- _Records to process_
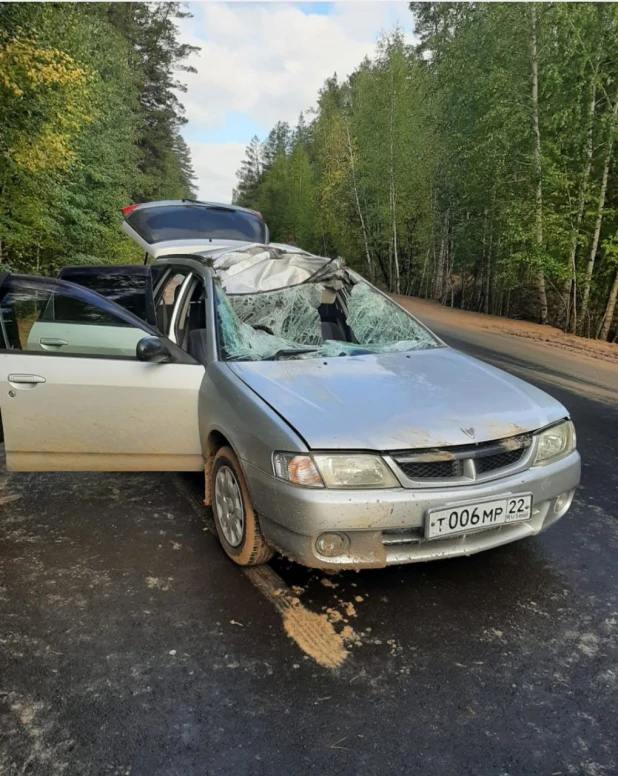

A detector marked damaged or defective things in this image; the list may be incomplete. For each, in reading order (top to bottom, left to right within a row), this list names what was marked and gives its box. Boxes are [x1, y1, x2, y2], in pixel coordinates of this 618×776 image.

shattered windshield [215, 280, 438, 362]
severely damaged car [0, 202, 576, 568]
crumpled hood [229, 346, 564, 448]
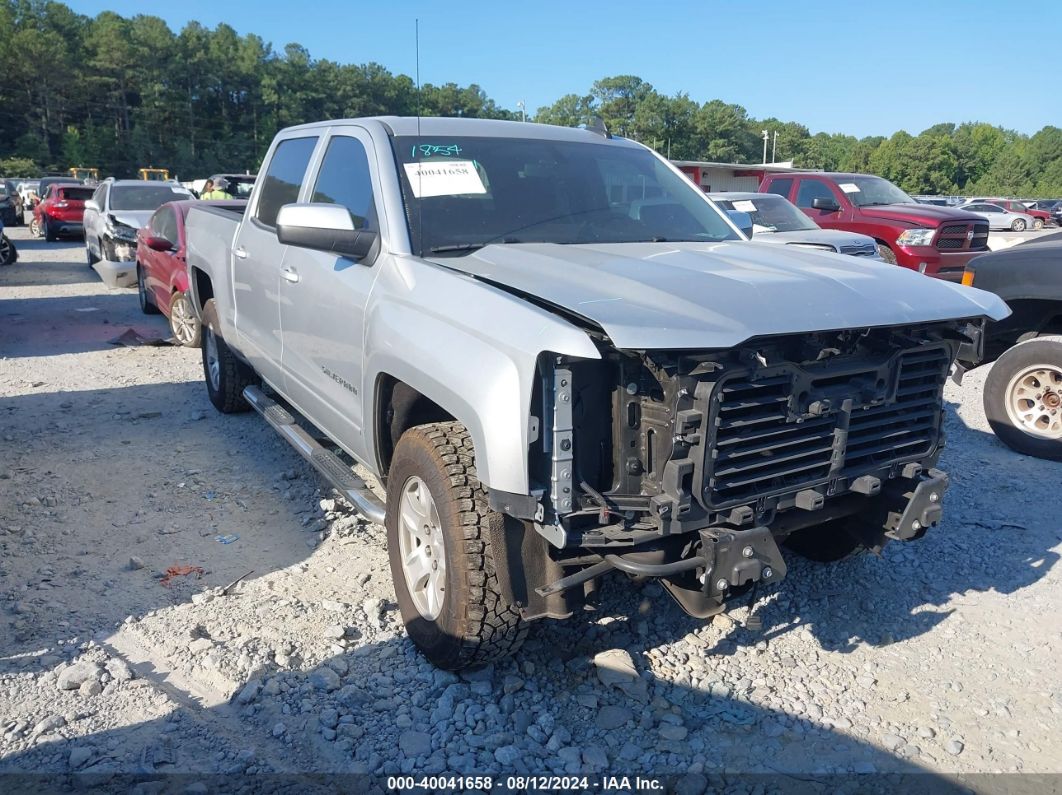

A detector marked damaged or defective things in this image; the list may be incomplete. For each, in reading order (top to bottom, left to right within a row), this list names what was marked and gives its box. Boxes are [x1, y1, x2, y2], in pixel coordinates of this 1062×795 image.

crumpled hood [109, 211, 155, 230]
crumpled hood [856, 204, 980, 225]
crumpled hood [428, 241, 1008, 350]
damaged front end [502, 320, 976, 624]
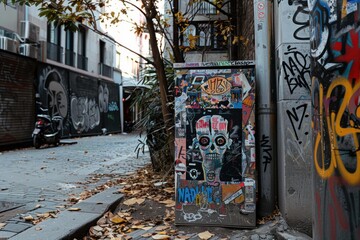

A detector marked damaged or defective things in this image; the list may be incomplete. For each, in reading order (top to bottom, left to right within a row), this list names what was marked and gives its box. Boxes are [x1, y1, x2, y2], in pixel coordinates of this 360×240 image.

rusty metal panel [0, 50, 37, 146]
rusty metal panel [174, 61, 256, 228]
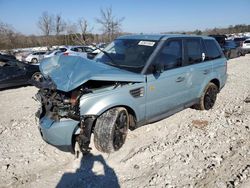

- _What to produce_
The lines to write out run from the one containing "this 360×240 image." through the final line of the material above, both included; write them out exactly, with no pictures.

- _Written solution_
A detector marked damaged or defective things in this image; the list may be incomplete. For each, in reading order (top to bottom, left to right within a row), this list names what was marked and gives its box. Boxes are [x1, y1, x2, y2], in pixel coordinates of this 360×240 image.

rusty metal panel [0, 50, 37, 146]
rusty metal panel [174, 61, 256, 228]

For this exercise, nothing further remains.